What I noticed that was frustrating about CFLs is they were all labeled "not for totally enclosed fixtures", which all of mine are. So I was basically required by law to use lamps that were incompatible with my fixtures. Annoying, but probably overall was worth it. LEDs have been better for me though.
I really would like to know what is going wrong in my houses (this one and the last one). They often die after a few days of flickering. If it truly is a thermal effect then there can be no excuse as the temperatures are not even hand-hot.
It could be due to mains voltage spikes then our mile-long overhead supply cable would be more susceptible than urban underground supplies - but the last house was well inside a town.
I like the pseudo-filament style bulbs (a-la carbon filament lamps of the 19th century) and they are all pretty expensive. I have had a couple of them fail after only a few months.
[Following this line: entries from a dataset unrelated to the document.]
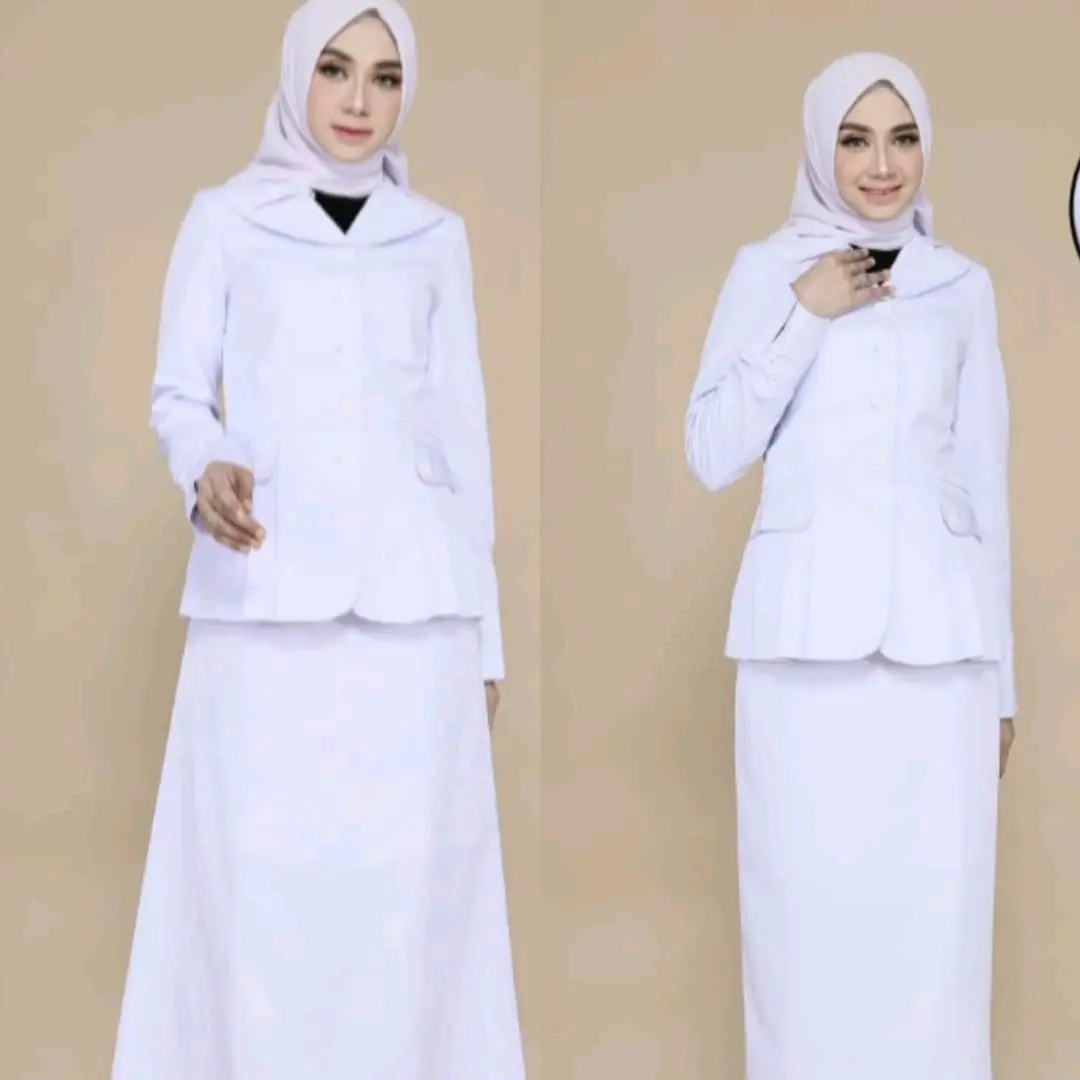 SERAGAM PUTIH JKS LIDAH SET ROK A /  SET ROK SPAN / SET CELANA / ATASAN PUTIH JKS LIDAH BAHAN KATUN FREE HIJAB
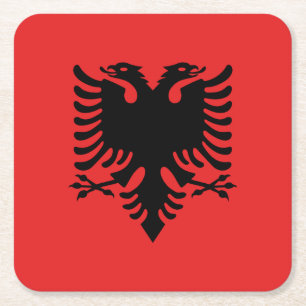 Patriotiska albanska flaggan underlägg papper kvadrat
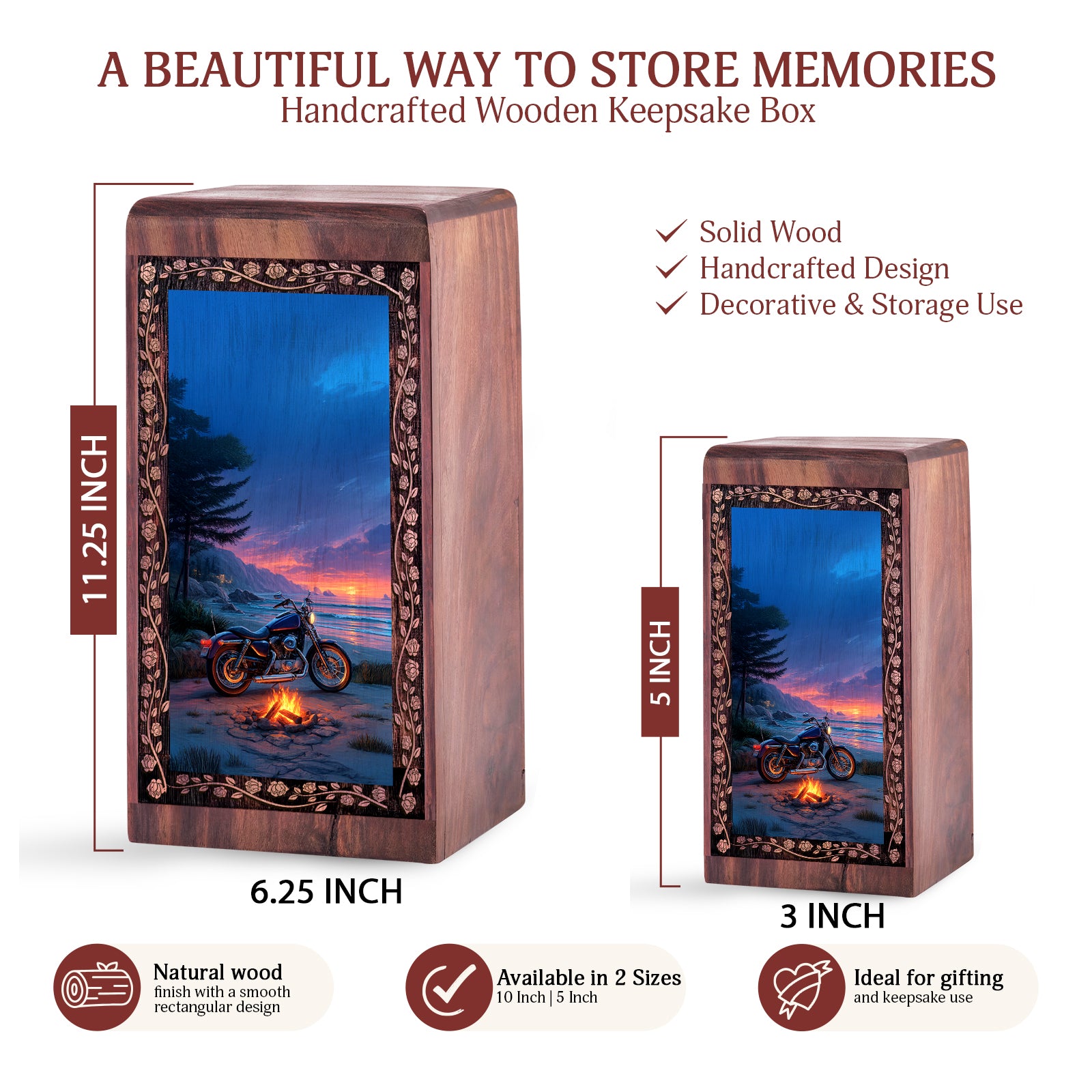 Motorcycle Funeral Urn For Cremation- Beach Sunset Theme Keepshake Box For Man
I guess I should find a way of logging mains volts and spikes, over a month or two. DIY or expensive off the shelf, I guess. Or I could just keep wingeing and wait for things to get better.
 
  • #35
We used to live near the beach. Many electrical appliances failed but the electrical company was no help. Finally a neighbor subscribed to a cable service. The serviceman refused to go up the pole until the wiring on the pole was corrected. Then the electrical company fixed the problem and all of our problems went away. in our case it was the salt air that corroded the wires.